Technology news late last month was abuzz with the announcement that Foxconn, a Chinese-based manufacturing company, perhaps most famous for iPhone production, planned to fully automate its plants in China.
Fully automated factories, of course, have been coming for some time, fueled by smart machines and the Internet of Things (IoT). Both mean that robots and systems that make products can communicate with those products, and vice versa.
Two years ago MarketWatch was predicting that the coming of the fully automated factory was a decade into the future. German factories in 2014 were already 75% automated, but still required a cadre of product and systems managers.

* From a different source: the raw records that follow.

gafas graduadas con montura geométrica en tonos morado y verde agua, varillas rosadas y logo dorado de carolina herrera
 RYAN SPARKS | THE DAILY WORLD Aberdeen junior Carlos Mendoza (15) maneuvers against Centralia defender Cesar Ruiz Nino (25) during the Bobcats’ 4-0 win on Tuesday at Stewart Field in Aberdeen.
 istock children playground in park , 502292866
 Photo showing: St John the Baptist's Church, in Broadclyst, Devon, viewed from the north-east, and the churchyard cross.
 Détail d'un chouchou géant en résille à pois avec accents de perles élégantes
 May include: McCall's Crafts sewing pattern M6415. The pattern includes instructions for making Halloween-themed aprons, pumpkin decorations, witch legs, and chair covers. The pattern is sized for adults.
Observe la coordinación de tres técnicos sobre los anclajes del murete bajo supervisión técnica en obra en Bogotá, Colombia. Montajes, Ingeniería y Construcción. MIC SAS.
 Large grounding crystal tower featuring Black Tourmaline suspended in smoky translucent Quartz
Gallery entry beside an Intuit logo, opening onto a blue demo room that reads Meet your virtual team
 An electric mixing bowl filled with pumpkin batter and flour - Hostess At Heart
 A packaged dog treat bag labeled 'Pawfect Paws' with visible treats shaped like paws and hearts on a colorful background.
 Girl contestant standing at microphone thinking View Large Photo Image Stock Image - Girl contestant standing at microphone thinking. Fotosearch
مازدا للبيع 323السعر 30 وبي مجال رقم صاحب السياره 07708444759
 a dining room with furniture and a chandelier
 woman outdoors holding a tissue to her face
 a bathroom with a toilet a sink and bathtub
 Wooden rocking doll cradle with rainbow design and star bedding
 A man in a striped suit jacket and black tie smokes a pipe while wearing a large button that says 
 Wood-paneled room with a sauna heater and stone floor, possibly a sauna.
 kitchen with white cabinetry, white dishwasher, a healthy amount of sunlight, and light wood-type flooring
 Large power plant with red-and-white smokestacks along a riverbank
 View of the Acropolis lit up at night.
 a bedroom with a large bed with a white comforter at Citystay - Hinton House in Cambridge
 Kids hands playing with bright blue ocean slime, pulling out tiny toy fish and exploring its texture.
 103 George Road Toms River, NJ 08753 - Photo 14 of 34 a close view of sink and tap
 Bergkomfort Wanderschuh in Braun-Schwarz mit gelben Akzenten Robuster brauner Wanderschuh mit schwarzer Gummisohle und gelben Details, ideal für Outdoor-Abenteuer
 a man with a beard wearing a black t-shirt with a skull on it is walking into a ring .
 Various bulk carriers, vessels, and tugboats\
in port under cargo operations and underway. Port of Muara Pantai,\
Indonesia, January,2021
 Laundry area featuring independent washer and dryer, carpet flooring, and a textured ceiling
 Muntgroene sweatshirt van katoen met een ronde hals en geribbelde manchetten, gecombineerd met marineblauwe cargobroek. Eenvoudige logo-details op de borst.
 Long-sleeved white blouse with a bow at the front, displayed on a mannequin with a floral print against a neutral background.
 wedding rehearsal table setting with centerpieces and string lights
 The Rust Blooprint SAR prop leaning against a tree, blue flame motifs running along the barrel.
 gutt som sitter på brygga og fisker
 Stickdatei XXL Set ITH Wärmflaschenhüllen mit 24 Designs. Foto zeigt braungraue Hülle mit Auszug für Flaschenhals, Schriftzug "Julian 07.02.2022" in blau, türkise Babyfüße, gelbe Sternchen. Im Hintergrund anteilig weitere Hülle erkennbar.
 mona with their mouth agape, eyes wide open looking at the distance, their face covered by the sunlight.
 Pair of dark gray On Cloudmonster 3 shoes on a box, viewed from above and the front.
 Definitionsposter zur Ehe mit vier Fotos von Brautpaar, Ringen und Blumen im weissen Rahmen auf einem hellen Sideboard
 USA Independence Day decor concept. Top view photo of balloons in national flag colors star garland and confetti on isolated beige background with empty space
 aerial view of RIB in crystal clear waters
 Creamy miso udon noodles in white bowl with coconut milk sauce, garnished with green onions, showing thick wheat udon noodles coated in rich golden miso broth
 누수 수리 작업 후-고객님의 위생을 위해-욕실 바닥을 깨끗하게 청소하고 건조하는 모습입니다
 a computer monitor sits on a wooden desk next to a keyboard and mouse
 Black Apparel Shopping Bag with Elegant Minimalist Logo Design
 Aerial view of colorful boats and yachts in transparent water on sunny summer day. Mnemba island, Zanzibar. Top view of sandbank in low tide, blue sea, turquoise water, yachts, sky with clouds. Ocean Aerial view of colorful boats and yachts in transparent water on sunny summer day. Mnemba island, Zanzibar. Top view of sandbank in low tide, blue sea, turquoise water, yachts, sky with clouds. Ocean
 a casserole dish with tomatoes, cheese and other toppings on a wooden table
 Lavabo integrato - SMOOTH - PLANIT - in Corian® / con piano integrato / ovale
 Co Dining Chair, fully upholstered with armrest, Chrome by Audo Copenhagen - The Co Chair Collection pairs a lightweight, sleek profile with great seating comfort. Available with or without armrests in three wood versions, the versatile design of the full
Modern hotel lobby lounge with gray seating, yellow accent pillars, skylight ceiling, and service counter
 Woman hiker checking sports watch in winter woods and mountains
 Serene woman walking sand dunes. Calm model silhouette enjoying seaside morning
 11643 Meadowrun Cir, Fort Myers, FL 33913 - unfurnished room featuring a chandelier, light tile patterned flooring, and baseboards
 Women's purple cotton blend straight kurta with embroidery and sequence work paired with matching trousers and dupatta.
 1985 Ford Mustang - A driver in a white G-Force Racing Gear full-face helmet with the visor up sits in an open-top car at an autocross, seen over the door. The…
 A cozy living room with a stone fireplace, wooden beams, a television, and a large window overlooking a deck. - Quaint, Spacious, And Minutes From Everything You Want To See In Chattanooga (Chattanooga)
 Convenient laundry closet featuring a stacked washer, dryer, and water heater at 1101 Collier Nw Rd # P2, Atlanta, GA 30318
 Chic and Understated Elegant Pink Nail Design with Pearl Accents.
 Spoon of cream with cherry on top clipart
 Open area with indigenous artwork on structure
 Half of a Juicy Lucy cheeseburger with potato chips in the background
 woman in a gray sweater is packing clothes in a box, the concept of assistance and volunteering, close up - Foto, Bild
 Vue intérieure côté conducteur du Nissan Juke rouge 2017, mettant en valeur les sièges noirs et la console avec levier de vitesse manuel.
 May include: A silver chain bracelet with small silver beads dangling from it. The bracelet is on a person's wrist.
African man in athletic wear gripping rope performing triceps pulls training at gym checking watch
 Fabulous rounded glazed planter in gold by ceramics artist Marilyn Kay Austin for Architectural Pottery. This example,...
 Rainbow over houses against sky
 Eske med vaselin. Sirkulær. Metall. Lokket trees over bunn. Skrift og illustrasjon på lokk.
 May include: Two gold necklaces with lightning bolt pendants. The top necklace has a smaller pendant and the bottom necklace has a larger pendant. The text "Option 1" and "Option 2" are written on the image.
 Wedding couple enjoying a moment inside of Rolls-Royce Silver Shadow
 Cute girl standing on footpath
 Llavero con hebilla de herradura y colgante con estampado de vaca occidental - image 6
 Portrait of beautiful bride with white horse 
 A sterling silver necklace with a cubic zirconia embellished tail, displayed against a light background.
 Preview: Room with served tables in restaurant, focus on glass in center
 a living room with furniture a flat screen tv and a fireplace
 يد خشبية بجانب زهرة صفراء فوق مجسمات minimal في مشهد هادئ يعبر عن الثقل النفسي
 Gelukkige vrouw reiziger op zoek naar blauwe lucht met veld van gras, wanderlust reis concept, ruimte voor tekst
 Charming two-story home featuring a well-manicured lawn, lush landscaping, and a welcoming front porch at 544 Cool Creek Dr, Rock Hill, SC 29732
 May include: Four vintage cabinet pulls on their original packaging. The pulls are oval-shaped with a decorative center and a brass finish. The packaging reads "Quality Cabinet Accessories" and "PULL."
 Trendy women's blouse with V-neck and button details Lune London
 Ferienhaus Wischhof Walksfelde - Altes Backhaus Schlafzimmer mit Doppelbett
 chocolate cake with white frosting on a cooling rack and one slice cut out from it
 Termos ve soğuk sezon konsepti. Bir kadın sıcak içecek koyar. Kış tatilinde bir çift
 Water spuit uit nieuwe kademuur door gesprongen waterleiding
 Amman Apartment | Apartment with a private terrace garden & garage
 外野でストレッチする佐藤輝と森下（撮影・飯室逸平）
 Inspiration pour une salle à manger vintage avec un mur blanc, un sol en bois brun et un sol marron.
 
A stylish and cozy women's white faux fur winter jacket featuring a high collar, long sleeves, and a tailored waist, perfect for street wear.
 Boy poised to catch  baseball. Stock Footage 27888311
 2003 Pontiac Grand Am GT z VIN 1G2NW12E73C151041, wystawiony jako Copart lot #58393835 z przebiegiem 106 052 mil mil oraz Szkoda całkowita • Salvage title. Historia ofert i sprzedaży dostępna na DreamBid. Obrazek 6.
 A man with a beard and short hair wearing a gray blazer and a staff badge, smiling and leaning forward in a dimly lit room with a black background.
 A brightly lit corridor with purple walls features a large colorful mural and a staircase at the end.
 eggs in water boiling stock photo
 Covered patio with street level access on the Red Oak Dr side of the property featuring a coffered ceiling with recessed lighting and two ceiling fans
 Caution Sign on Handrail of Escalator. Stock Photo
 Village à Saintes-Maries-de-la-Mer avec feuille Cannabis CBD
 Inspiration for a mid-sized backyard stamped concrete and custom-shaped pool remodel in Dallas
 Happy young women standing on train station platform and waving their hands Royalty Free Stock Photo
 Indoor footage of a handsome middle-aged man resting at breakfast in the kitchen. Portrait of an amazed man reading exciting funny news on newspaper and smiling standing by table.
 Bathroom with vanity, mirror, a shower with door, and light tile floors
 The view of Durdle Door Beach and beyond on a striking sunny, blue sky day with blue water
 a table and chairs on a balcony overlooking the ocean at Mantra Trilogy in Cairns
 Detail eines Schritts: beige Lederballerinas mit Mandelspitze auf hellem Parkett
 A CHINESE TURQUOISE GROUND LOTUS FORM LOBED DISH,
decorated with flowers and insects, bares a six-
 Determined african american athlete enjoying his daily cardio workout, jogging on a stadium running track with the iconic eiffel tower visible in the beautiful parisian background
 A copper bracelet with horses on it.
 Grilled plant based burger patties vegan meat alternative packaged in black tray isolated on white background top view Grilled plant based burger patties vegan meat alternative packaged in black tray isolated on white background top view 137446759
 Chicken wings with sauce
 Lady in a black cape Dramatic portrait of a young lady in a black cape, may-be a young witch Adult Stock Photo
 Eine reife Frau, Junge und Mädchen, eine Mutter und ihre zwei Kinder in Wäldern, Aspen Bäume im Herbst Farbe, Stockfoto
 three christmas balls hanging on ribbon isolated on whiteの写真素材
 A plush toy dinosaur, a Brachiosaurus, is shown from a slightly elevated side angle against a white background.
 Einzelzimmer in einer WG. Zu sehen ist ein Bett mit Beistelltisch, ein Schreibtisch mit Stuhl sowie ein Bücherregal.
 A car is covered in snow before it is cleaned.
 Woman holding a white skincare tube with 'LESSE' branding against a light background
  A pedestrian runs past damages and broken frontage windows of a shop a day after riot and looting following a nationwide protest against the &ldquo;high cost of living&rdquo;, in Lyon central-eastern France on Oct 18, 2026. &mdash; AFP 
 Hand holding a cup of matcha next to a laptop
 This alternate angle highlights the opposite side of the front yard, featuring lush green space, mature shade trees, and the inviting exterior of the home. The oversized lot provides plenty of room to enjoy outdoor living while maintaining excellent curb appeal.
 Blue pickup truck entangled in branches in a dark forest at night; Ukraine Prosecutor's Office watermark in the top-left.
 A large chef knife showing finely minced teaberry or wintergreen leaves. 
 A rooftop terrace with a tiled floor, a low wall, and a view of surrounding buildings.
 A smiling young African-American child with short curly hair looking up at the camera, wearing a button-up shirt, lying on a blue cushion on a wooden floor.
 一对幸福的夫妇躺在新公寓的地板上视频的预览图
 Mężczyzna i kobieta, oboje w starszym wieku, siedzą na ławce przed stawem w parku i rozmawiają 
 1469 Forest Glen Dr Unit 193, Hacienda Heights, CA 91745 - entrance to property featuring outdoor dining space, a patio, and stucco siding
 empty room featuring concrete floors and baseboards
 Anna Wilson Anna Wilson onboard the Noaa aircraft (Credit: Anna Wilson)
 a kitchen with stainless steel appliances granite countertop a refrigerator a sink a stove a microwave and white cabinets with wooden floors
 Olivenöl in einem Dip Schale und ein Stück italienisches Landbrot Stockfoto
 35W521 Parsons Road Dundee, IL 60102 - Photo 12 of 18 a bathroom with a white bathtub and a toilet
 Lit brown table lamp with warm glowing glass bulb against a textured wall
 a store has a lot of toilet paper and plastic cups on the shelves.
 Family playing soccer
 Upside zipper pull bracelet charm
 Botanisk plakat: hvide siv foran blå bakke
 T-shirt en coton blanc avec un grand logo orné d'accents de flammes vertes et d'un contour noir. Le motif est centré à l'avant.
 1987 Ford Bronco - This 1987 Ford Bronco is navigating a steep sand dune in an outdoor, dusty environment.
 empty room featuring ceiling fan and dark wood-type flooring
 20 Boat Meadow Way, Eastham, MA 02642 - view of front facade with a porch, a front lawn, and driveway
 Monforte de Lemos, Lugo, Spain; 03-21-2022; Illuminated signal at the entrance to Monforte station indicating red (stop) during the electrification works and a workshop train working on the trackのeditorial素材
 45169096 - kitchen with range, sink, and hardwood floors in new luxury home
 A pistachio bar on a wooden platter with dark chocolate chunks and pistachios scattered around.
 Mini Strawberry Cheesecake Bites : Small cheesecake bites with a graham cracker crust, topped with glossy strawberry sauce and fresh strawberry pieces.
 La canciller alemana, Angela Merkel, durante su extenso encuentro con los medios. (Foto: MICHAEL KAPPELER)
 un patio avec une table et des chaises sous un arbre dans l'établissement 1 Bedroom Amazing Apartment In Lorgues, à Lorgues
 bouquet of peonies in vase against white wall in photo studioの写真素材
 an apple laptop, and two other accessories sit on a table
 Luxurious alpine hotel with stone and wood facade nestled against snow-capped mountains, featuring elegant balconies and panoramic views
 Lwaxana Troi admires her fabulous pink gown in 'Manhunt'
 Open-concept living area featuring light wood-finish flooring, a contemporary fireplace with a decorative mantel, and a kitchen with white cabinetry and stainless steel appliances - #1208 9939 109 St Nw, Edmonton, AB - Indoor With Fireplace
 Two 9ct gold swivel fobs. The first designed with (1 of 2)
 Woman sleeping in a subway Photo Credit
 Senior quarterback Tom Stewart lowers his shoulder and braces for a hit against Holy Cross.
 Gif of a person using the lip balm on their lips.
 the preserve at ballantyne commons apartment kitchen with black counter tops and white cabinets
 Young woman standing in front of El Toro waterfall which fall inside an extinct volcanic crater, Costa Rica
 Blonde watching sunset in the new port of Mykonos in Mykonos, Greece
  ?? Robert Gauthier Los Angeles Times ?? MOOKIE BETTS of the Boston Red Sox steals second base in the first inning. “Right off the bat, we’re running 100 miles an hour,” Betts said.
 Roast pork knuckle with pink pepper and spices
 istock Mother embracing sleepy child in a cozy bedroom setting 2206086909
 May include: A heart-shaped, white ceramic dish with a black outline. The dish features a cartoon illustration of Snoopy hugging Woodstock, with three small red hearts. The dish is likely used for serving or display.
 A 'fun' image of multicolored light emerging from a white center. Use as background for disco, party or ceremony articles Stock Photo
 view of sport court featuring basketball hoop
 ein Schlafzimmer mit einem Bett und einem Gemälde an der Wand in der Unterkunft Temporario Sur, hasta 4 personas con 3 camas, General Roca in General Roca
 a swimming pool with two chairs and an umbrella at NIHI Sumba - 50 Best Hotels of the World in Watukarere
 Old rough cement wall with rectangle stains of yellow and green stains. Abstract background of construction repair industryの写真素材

Foxconn doesn’t plan to do away with people, but Fortune characterizes the number of humans left in its plants as “a handful.”
Foxconn: Good for the Bottom Line
Foxconn has been at the forefront of business leadership managing automated factories, with about 40,000 robots working in its plants. Foxconn makes its own factory robots, which are called Foxbots.
The company divides automation into three stages.
- Stage 1 – robots help workers at specific stations.
- Stage 2 – production lines are fully automated. These currently exist in Chengdu, Chongqing, and Zhengzhou.
- Stage 3 – a factory whose workforce and production lines are almost entirely robots or automated systems.
Automation is likely good news for Foxconn’s bottom line. In addition to the iPhone, the company’s factories produce monitors and personal computers. Robustly producing factories with no human workers may seem like a recipe to reduce labor costs and thus be highly profitable.
In March 2016, Foxconn announced that 60,000 jobs had been cut in just one of its factories due to automation. The company has indicated that this will be far from the last.
The resultant cash could be used, Fortune points out, to fund expansion or acquisition, such as Foxconn’s acquisition of Sharp, the once Japanese-owned electronics company.
Perhaps Not So Good for China’s Economy
Full automation may exert beneficial effects on the company’s bottom line, but the effects on the overall economy of China could be negative.
China’s economic boom has been fueled by consumer spending and a rising middle and even upper middle class – as a result of more jobs required to build the country’s growing infrastructure. Foxconn’s workers have been part of that rising middle class. Foxconn has relied for several decades on low-wage workers, initially from rural China, who emigrated to the company’s locales specifically to work in their plants. Low wages were still higher than what rural Chinese typically earned, increasing spendable income.
Can an economy that relies on purchases of consumer and other goods continue to flourish with a diminishing workforce?
Will the worker displacements caused by automation cause political unrest?
Will they be seen as fostering inequality between the displaced and the still-employed?
Fortune points out that displacements, and any political effects, could have “outsized effects in China” because its current political structure implicitly depends on a sustained economic engine to spread its benefits.